# TASK OBJECTIVE:
The lines to extract begin at the line that contains "Military members stand" and run through the last line of the listing; reproduce them exactly, minus any pictures.
(RECORDS PROVIDED begins)
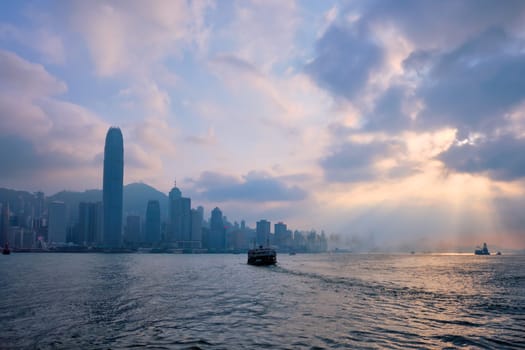 Hong Kong skyline cityscape downtown skyscrapers over Victoria Harbour on sunset with tourist ferry boat silhouette. Hong Kong, China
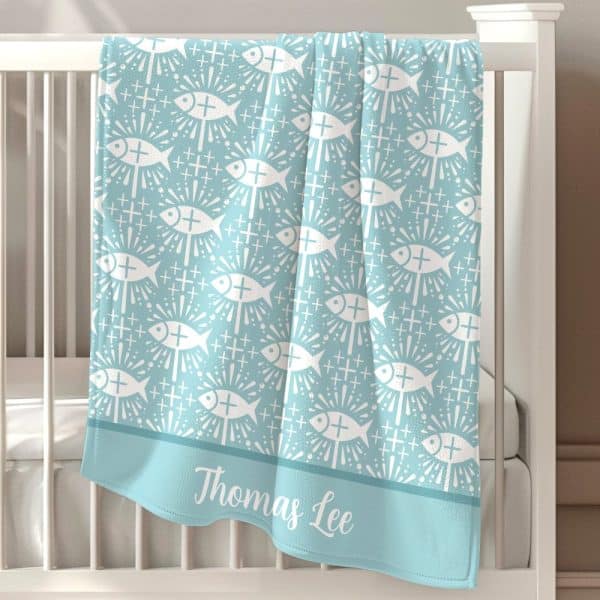 Light Blue Baby Blanket With A Repeating Pattern Of White Stylized Fish And Crosses, Personalized With The Name Thomas Lee.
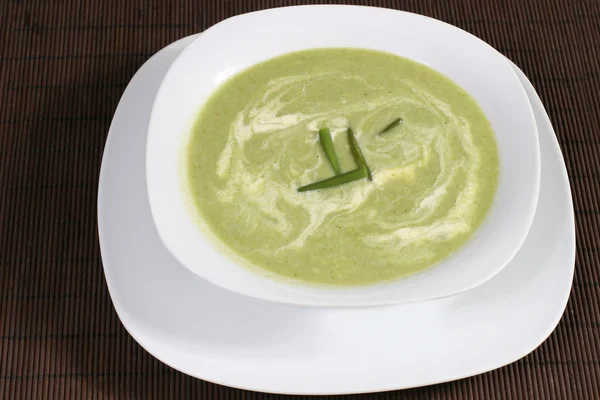 Pea soup with greens and sour cream Stock Picture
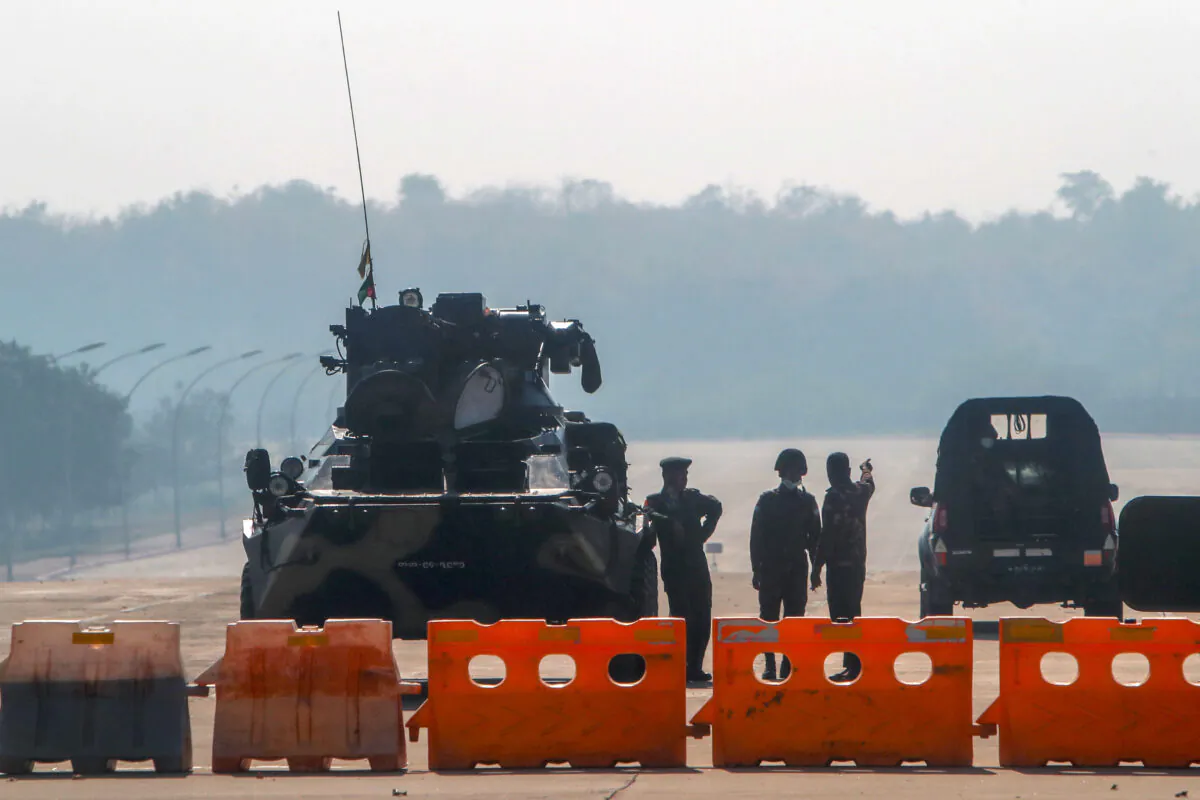 Military members stand guard at a checkpoint manned with an armored vehicle in a road leading to the parliament building Naypyitaw, Burma, on Feb. 1, 2021. (AP Photo)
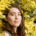 Woman surrounded by yellow wattle flowers.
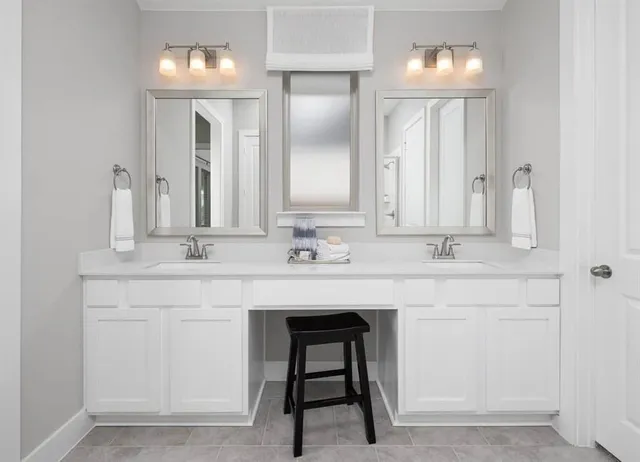 a bathroom with a sink double vanity and a mirror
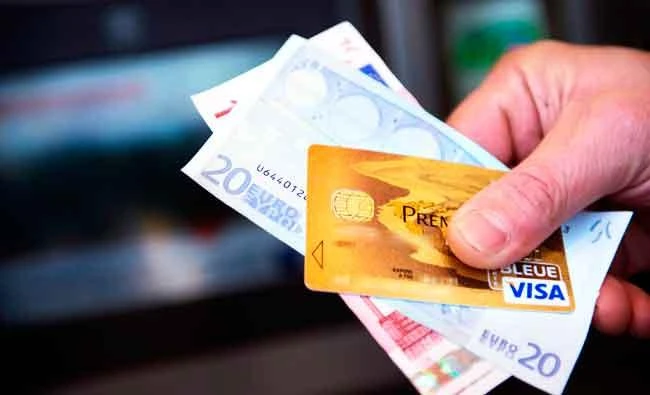 This file photo taken on February 05, 2013 in Tours (central France) shows a person holding a Visa Premier credit card and Euro banknotes. (AFP)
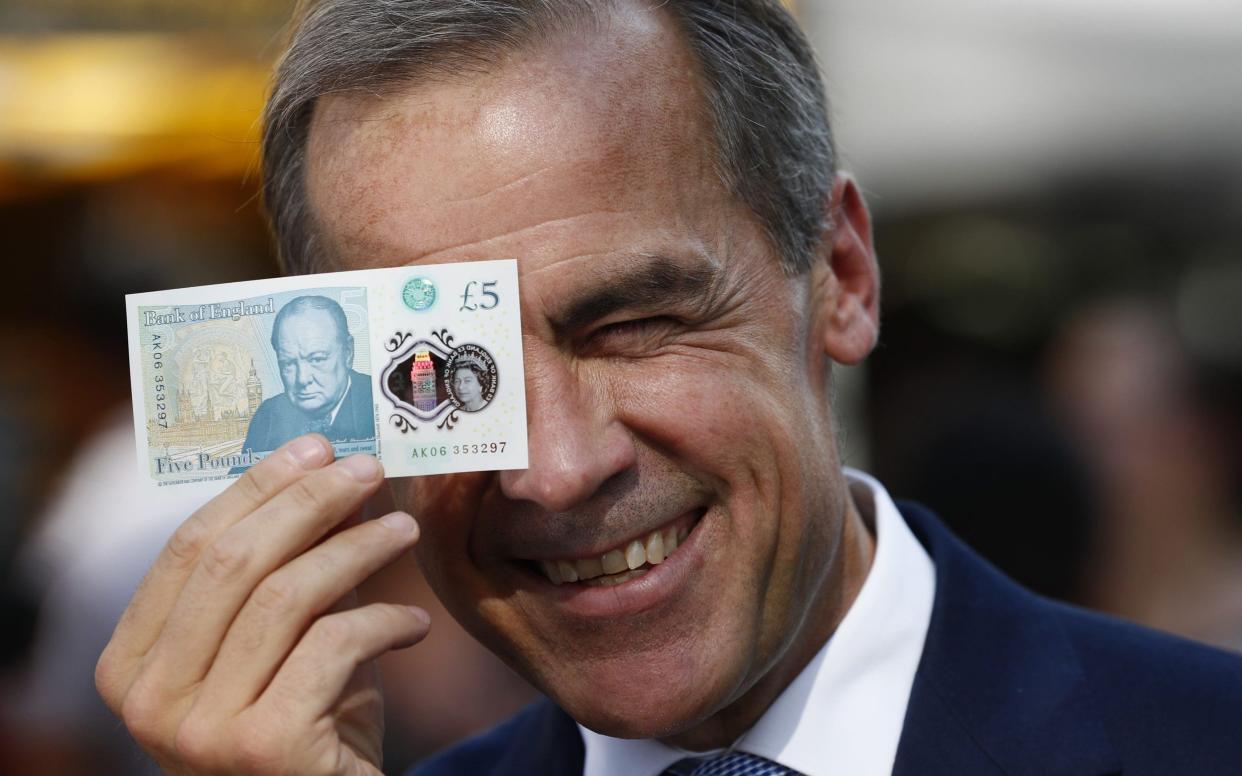 Bank of England Governor Mark Carney holding a new plastic £5 note - PA Wire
(RECORDS PROVIDED ends)
# TASK RESPONSE:
 Military members stand guard at a checkpoint manned with an armored vehicle in a road leading to the parliament building Naypyitaw, Burma, on Feb. 1, 2021. (AP Photo)
 Woman surrounded by yellow wattle flowers.
 a bathroom with a sink double vanity and a mirror
 This file photo taken on February 05, 2013 in Tours (central France) shows a person holding a Visa Premier credit card and Euro banknotes. (AFP)
 Bank of England Governor Mark Carney holding a new plastic £5 note - PA Wire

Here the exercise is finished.